Mulutnya menjilat, mengisap, dan menggigit pelan putingnya. Sesekali aku bergidik
keenakan kalau kumis pendeknya menggesek putingku yang sensitif. Tangan lainnya
turut bekerja pada payudaraku yang sebelah dengan melakukan pijatan atau
memainkan putingnya sehingga kurasakan kedua benda sensitif itu semakin
mengeras. Yang bisa kulakukan hanya mendesah dan meremasi rambutnya yang
sedang menyusu.
Puas menyusu dariku, mulutnya perlahan-lahan turun mencium dan menjilati
perutku yang rata dan terus berlanjut makin ke bawah sambil tangannya
menurunkan celana dalamku. Sambil memeloroti dia mengelusi paha mulusku. Cd
itu akhirnya lepas melalui kaki kananku yang dia angkat, setelah itu dia mengulum
sejenak jempol kakiku dan juga menjilati kakiku. Darahku semakin bergolak oleh
permainannya yang erotis itu. Selanjutnya dia mengangkat kedua kakiku ke
bahunya, badanku setengah terangkat dengan selangkangan menghadap ke atas.

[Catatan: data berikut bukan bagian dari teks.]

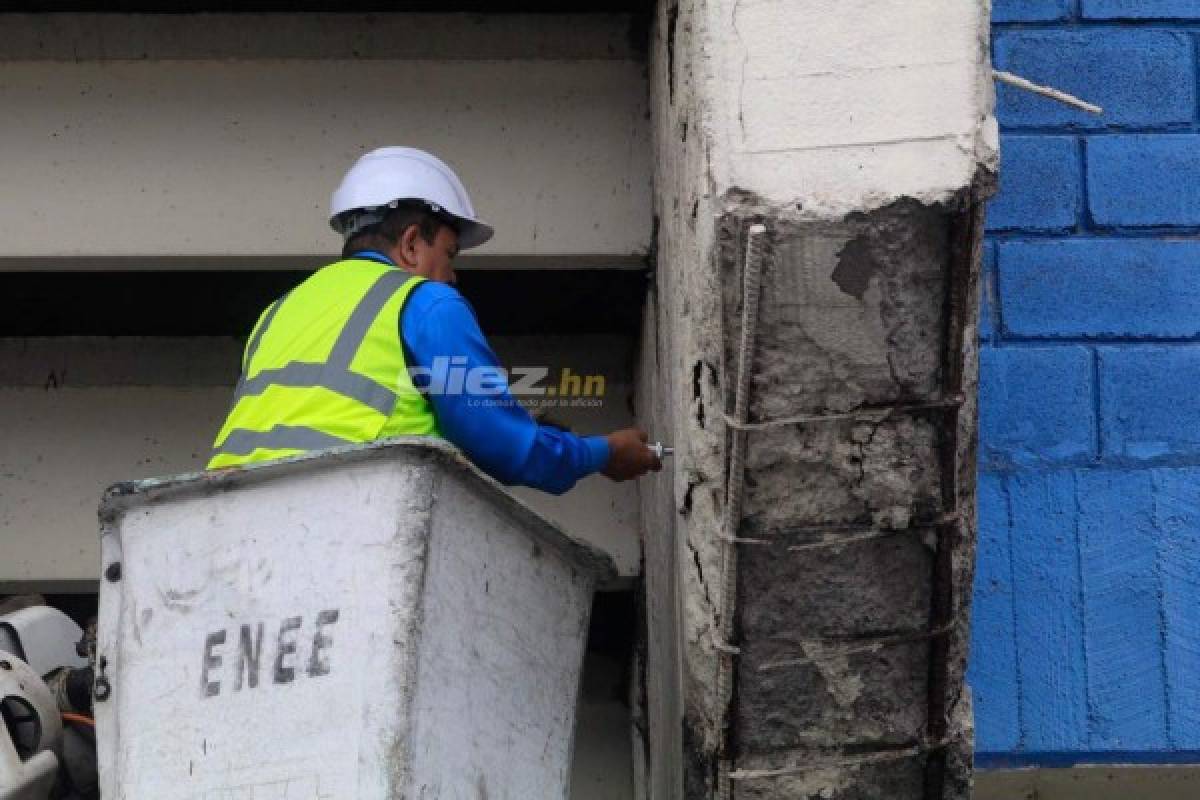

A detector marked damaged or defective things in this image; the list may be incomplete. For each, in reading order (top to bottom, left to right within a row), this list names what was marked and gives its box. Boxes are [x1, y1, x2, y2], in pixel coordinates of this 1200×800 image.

Aku pasrah saja mengikuti posisi yang dia inginkan, pokoknya aku ingin
menuntaskan birahiku ini. Tanpa membuang waktu lagi dia melumat kemaluanku
dengan rakusnya, lidahnya menyapu seluruh pelosok vaginaku dari bibirnya,
klitorisnya, hingga ke dinding di dalamnya, anusku pun tidak luput dari jilatannya.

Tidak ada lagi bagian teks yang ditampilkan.